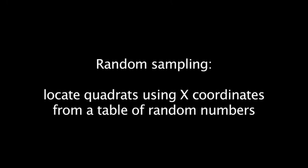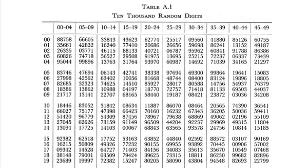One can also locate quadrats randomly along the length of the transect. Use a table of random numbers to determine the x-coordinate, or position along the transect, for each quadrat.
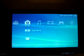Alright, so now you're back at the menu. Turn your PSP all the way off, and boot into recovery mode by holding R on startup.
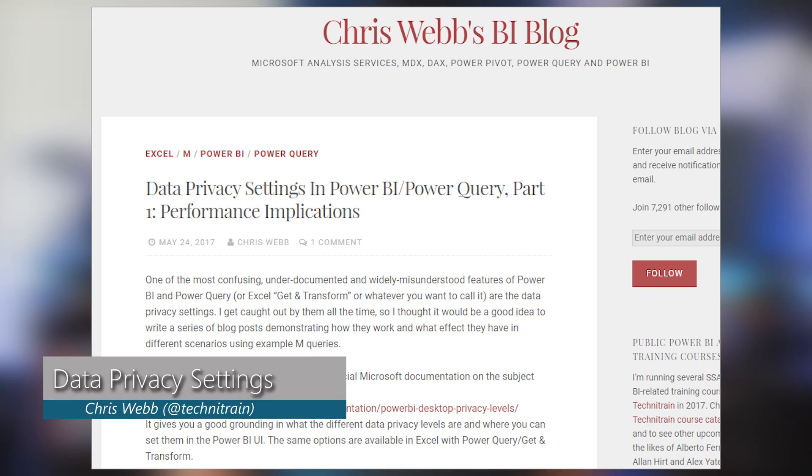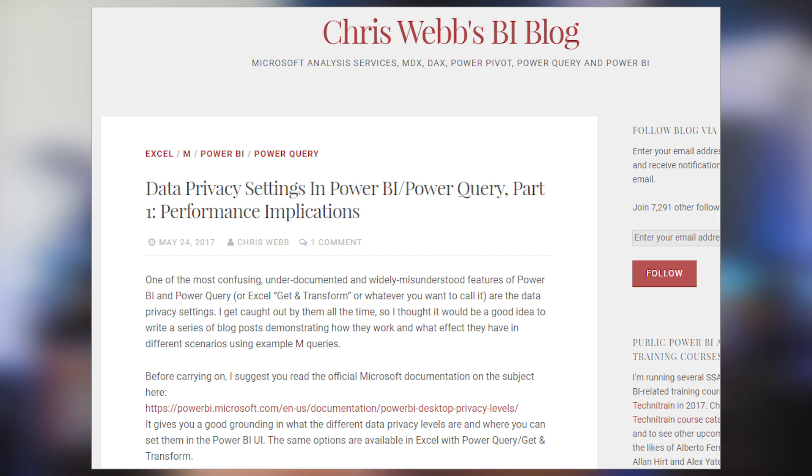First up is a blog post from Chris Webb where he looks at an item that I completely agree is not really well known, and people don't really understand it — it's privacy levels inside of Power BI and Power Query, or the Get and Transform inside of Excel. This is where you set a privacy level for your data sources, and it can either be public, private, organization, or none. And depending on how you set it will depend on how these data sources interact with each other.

==============================

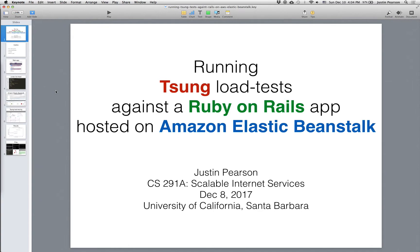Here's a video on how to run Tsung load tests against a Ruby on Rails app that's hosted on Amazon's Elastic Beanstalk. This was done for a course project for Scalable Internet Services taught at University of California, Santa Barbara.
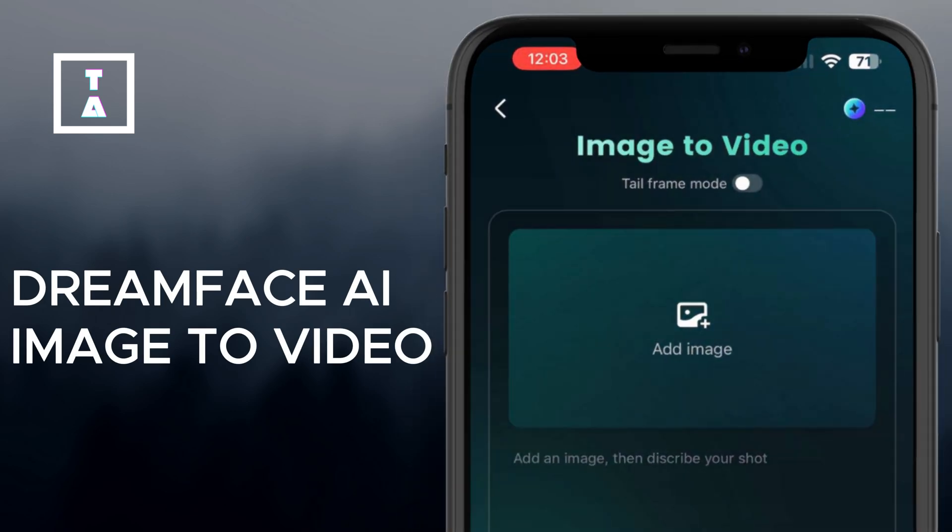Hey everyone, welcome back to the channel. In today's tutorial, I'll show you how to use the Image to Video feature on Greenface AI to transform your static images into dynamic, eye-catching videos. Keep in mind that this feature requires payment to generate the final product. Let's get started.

==============================

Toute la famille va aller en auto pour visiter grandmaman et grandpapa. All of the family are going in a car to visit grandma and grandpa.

==============================

## TASK
Start with the line above containing "Alright, so now" and end with the line containing "First up is". Set down that stretch exactly, without any pictures.

## ANSWER SECTION
Alright, so now you're back at the menu. Turn your PSP all the way off, and boot into recovery mode by holding R on startup.
First up is a blog post from Chris Webb where he looks at an item that I completely agree is not really well known, and people don't really understand it — it's privacy levels inside of Power BI and Power Query, or the Get and Transform inside of Excel. This is where you set a privacy level for your data sources, and it can either be public, private, organization, or none. And depending on how you set it will depend on how these data sources interact with each other.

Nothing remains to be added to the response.